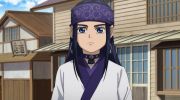 Golden Kamuy الموسم الخامس undefined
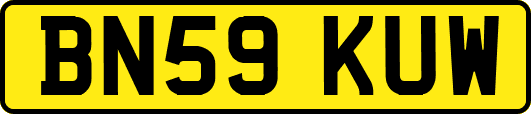 BN59KUW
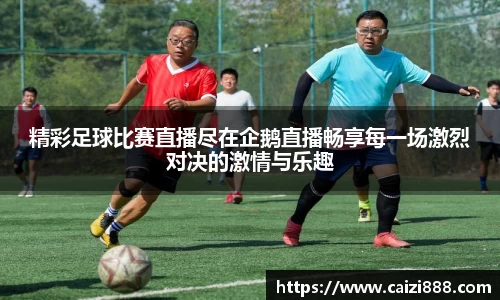 竞技宝下载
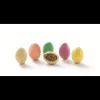 REVILLON Confiserie|Assortiment Œufs Nougatine 1 kg Révillon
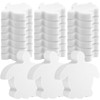Ukulork 24 Pack Pool Oil Absorbing Scum Sponge, Hot Tub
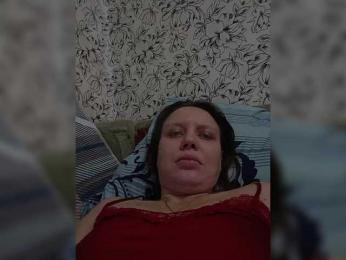 Sebastianwer webcam model stream image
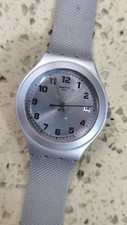 Swatch ironia vintage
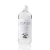LimPuro Organic cleaner 1 l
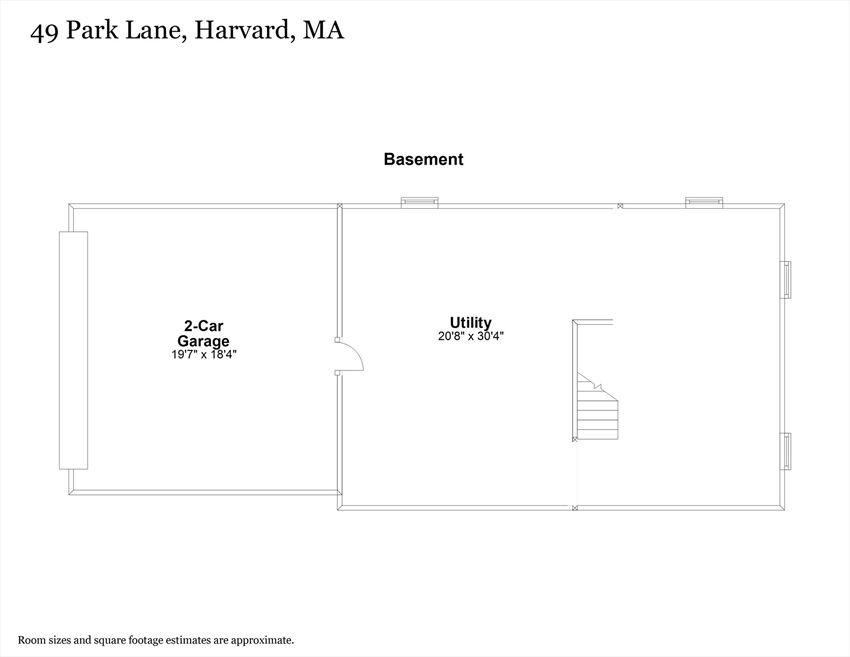 49 Park Lane, Harvard, MA Image 34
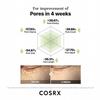 COSRX Крем Ретинол 0,3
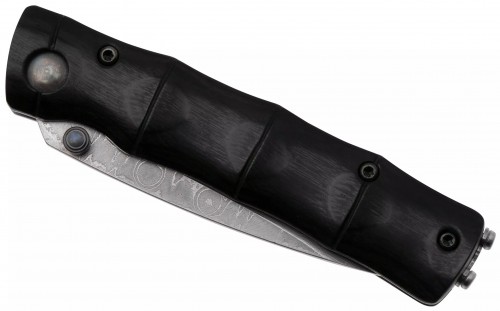 Mcusta Shinra Emotion Take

→ **Exercise directions**
Please write out exactly the lines from the one holding "Ukulork 24 Pack" through the last line of the material above, both included, as a copy without pictures.

→ **Exercise output**
Ukulork 24 Pack Pool Oil Absorbing Scum Sponge, Hot Tub
 Sebastianwer webcam model stream image
 Swatch ironia vintage
LimPuro Organic cleaner 1 l
 49 Park Lane, Harvard, MA Image 34
 COSRX Крем Ретинол 0,3
 Mcusta Shinra Emotion Take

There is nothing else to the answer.